● WHAT THIS TASK INVOLVES: Repeat exactly, and only, the lines of the entries below from the one with "A modern bathroom" through the one with "sunroom with ceiling", both ends included.

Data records
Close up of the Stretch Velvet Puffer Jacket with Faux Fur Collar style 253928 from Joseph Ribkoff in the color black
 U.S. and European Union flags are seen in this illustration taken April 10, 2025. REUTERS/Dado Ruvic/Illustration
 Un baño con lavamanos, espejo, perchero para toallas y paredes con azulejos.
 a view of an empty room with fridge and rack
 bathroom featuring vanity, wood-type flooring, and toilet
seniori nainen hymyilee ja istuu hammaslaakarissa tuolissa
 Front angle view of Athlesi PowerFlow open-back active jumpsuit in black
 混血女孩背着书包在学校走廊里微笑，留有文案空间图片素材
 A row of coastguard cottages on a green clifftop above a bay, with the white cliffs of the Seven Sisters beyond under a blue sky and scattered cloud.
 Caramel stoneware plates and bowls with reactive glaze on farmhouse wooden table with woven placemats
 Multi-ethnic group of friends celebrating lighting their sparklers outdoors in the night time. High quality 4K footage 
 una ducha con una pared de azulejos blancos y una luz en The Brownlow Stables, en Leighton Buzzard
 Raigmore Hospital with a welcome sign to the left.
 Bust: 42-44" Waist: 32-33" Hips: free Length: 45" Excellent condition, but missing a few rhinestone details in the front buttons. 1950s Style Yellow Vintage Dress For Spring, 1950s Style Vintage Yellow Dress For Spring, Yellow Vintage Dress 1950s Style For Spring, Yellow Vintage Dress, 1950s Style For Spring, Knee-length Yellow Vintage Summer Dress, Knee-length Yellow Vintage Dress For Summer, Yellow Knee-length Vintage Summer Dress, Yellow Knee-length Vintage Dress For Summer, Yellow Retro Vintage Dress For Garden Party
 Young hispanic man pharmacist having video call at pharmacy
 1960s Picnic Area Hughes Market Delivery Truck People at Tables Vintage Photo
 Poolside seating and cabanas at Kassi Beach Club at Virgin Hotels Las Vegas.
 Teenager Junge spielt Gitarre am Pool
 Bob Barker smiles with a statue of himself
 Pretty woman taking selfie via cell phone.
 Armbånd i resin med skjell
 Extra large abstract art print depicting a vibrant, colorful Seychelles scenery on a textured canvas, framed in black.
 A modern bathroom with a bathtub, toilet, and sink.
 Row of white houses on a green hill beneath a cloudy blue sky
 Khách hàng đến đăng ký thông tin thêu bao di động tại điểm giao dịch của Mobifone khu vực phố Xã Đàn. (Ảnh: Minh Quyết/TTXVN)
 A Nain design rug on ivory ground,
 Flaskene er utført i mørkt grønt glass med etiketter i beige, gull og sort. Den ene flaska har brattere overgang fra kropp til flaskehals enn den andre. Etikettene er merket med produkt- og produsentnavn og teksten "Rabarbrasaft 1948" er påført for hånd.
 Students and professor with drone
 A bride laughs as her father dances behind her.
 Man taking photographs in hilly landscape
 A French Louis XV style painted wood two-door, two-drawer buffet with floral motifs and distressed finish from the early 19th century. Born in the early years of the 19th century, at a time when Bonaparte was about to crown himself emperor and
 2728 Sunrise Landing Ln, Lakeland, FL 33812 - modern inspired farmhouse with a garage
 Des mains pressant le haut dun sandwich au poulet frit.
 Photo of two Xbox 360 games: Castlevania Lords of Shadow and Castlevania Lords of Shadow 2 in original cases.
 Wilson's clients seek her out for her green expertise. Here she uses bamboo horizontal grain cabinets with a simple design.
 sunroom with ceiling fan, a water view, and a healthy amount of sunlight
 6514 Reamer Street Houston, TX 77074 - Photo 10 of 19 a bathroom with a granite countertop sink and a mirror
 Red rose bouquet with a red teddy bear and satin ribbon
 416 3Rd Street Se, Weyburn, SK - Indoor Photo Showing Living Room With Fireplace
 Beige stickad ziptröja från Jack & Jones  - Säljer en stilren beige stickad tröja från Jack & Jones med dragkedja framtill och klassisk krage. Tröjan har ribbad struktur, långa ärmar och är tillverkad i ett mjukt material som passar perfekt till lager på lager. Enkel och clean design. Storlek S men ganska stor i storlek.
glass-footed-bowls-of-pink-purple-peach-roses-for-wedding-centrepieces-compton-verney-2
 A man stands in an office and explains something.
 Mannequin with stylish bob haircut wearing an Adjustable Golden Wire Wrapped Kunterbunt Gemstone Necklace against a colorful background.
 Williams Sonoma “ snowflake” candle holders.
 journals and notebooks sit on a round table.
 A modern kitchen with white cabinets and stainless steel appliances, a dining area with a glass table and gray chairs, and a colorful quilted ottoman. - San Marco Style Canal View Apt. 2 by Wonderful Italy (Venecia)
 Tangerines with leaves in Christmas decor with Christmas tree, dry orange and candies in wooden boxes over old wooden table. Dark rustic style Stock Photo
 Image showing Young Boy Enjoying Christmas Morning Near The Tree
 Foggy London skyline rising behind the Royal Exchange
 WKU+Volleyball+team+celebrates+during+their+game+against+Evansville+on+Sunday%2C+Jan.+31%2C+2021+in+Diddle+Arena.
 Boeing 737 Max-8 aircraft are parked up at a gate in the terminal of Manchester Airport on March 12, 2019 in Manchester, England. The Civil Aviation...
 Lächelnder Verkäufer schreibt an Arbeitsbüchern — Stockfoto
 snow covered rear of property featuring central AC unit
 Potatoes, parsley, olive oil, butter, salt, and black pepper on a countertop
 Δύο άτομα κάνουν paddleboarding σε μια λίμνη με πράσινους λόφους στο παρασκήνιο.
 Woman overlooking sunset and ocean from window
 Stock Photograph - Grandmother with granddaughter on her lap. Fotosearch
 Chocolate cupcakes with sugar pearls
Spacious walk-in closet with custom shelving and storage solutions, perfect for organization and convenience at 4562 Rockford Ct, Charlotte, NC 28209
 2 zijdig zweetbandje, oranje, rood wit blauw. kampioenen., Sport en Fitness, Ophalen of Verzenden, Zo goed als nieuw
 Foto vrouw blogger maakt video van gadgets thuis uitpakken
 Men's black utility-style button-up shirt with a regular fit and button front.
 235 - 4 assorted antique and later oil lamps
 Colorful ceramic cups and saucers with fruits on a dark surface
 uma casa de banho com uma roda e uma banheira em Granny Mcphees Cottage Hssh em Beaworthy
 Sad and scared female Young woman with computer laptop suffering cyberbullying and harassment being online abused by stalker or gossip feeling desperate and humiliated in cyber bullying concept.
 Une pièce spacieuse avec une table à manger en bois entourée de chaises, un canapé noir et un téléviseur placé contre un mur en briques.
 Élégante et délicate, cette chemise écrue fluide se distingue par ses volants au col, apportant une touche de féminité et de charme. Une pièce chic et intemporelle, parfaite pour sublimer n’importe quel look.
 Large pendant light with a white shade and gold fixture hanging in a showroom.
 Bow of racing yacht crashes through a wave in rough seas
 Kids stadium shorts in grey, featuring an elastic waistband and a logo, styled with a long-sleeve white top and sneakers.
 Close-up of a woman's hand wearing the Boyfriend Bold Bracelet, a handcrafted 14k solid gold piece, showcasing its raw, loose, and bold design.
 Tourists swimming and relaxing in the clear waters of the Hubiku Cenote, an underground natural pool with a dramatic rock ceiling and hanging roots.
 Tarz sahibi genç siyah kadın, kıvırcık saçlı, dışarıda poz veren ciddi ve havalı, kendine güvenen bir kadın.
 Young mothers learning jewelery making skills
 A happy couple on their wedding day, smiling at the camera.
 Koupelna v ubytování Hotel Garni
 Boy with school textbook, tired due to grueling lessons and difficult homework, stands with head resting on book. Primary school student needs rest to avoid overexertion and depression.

● COMPLETED EXERCISE:
 A modern bathroom with a bathtub, toilet, and sink.
 Row of white houses on a green hill beneath a cloudy blue sky
 Khách hàng đến đăng ký thông tin thêu bao di động tại điểm giao dịch của Mobifone khu vực phố Xã Đàn. (Ảnh: Minh Quyết/TTXVN)
 A Nain design rug on ivory ground,
 Flaskene er utført i mørkt grønt glass med etiketter i beige, gull og sort. Den ene flaska har brattere overgang fra kropp til flaskehals enn den andre. Etikettene er merket med produkt- og produsentnavn og teksten "Rabarbrasaft 1948" er påført for hånd.
 Students and professor with drone
 A bride laughs as her father dances behind her.
 Man taking photographs in hilly landscape
 A French Louis XV style painted wood two-door, two-drawer buffet with floral motifs and distressed finish from the early 19th century. Born in the early years of the 19th century, at a time when Bonaparte was about to crown himself emperor and
 2728 Sunrise Landing Ln, Lakeland, FL 33812 - modern inspired farmhouse with a garage
 Des mains pressant le haut dun sandwich au poulet frit.
 Photo of two Xbox 360 games: Castlevania Lords of Shadow and Castlevania Lords of Shadow 2 in original cases.
 Wilson's clients seek her out for her green expertise. Here she uses bamboo horizontal grain cabinets with a simple design.
 sunroom with ceiling fan, a water view, and a healthy amount of sunlight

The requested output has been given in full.